Yashwant Sinha, former Union Finance Minister, says the book provides “valuable policy insights” on what are the problems that Jan Dhan can confront and how it ought to be addressed. “The book evokes a thought process on how to integrate the three things – social inclusion, financial inclusion and digital inclusion – to address poverty. In the past, these were viewed in isolation and never thought to be a part and parcel of a poverty alleviation programme. When one retrospects on why poverty eradication has fallen short of expectations, one cannot disagree with the author’s views,” says Sinha, also former Chairman of Parliamentary Standing Committee on Finance.
While lauding the initiatives taken by the Modi government, Sinha appreciates the author for not just stopping at pointing out potential problems in the Jan Dhan scheme but also making a host of specific recommendations in the concluding chapter that not just focuses on Jan Dhan but also touches upon small businesses, rural and urban livelihood, healthcare and sanitation. “This makes the book even more comprehensive in suggesting ways of defeating poverty,” he says.

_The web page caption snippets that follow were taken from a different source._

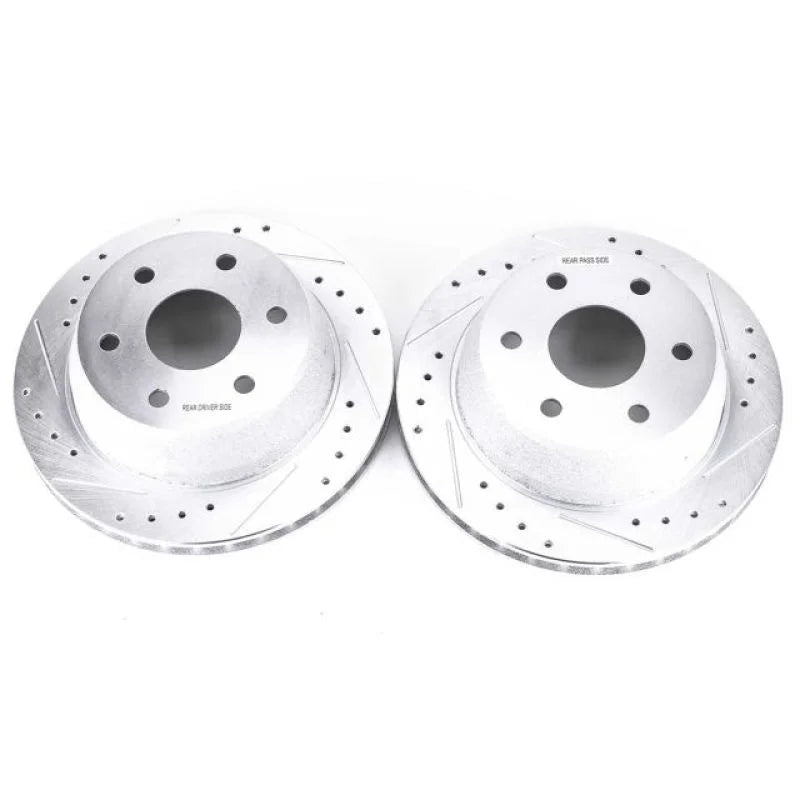 Power Stop 02-06 Cadillac Escalade Rear Evolution Drilled & Slotted Rotors - Pair - Main Product View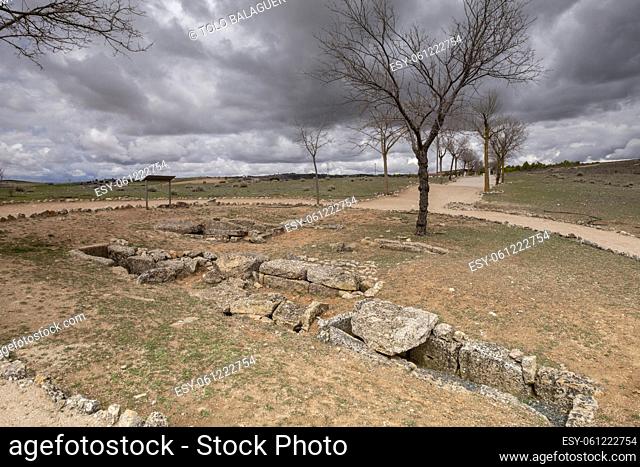 necrópolis, parque arqueológico de Segóbriga, Saelices, Cuenca, Castilla-La Mancha, Spain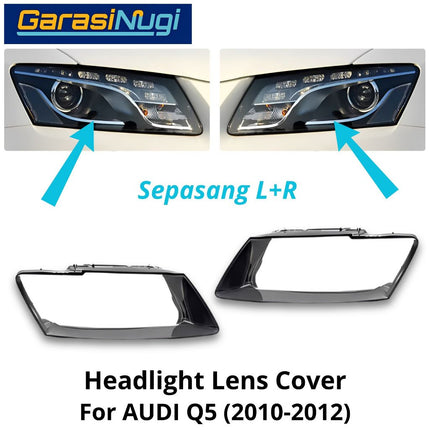 Mika Headlight AUDI Q5 8R Pre-Facelift Lens Kaca Cover Lampu Depan (2010-2012)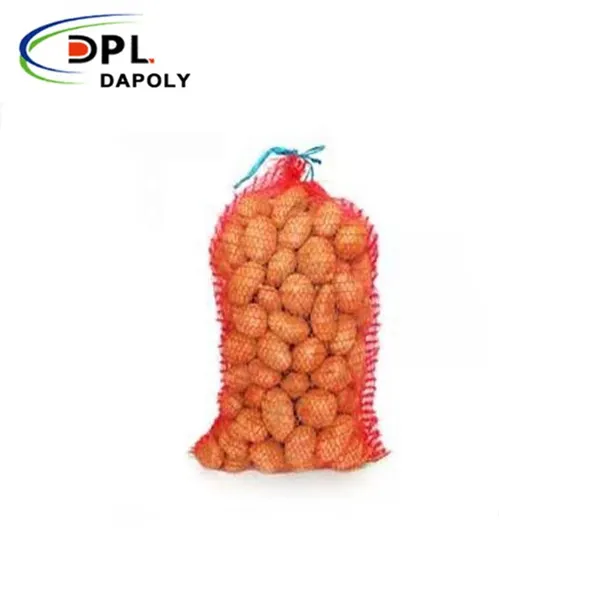 Factory Supply PE Raschel Woven Bags for Packaging 5kg 10kg 25kg 50kg Mesh Bags With Drawstring PP Plastic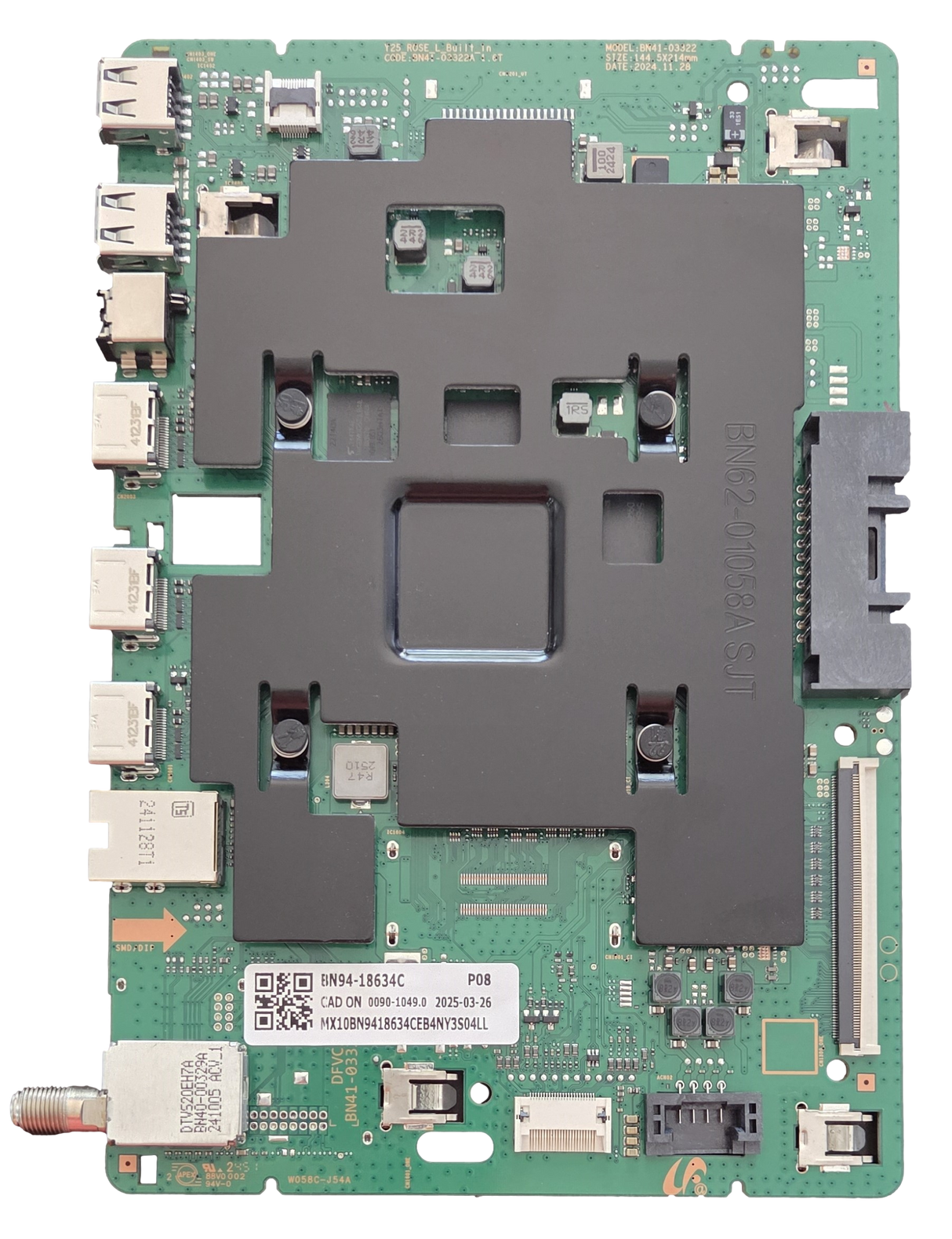 BN94-18634C Samsung Main Board, BN41-03322A , QN50QFAAF, QN50QFAAFXZA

In his foreword, C Rangarajan, former Governor of the Reserve Bank of India and former Chairman of the Economic Advisory Council to the Prime Minister, says the book is “both timely and relevant”. “The main message coming through from the book is that for financial inclusion to succeed, it must be integrated with other programmes relating to poverty alleviation. It cannot be a standalone exercise. Sameer has made an important contribution to the discussion on financial inclusion by emphasising this link,” he said adding policymakers must continue to follow two-fold strategy of helping the economy to grow fast and attacking poverty directly through poverty alleviation programmes and financial inclusion can play an important part in this. The book provides “an in-depth analysis of various critical issues that need to be addressed in this process”.
Speaking in unison with Kochhar’s views, Competition Commission of India Chairman Ashok Chawla, said: “Mere opening of no-frills accounts is statistical inclusion. For financial inclusion, you need a holistic approach.” As pointed out in the book, Chawla said, there was a need to increase credit flow through non-banking finance companies. With caps on lending rates and floors on deposit, microfinance institutions stand at a juncture marked with uncertainty, he said. “Relevant chapters in the book offer several choices to policymakers.” The book urged the CCI to look at savings bank interest rate cartelisation. The CCI has responded by asking banks to look into the matter.